Kähler, Carl Nikolaus - Auslegung der Epistel Pauli an die Kolosser in 36 Betrachtungen - 21. Betrachtung
Wer in einen Irrtum verfällt, der verfällt in viele. Es ist die Natur der Lüge, dass sie ihre Diener von einer Stufe zur andern immer tiefer hinabführt in das Reich der Finsternis. Wir haben davon ein warnendes Beispiel an den Irrlehrern zu Kolossä. Sie wollten die Christen zurückführen unter das Joch des alttestamentlichen Gesetzes. Damit waren nun noch andere Irrtümer verbunden, durch die sie ebenfalls den Christen gefährlich wurden. Einen dieser Irrtümer erwähnt der Apostel in den nachfolgenden Worten.
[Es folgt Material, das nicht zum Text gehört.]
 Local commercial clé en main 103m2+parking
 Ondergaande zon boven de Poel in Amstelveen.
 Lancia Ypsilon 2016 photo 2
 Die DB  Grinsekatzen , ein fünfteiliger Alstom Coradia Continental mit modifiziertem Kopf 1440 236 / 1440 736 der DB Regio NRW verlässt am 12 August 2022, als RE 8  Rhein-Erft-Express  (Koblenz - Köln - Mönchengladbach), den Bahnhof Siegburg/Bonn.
Kap. 2, 18. 19: Lasst euch niemand das Ziel verrücken, der nach eigener Wahl einher geht, in Demut und Geistlichkeit der Engel, des er nie keins gesehen hat, und ist ohne Sache aufgeblasen in seinem fleischlichen Sinn, und hält sich nicht an dem Haupt, aus welchem der ganze Leib durch Gelenke und Fugen Handreichung empfängt, und aneinander sich enthält, und also wächst zur göttlichen Größe.
Es ist der Engeldienst, wovor der Apostel
1.) warnt, und dann
2.) seine Warnung begründet, indem er hinweist auf die Unwissenheit, den Hochmut und die Verleugnung Christi, die mit jenem Dienste verbunden sind.
1.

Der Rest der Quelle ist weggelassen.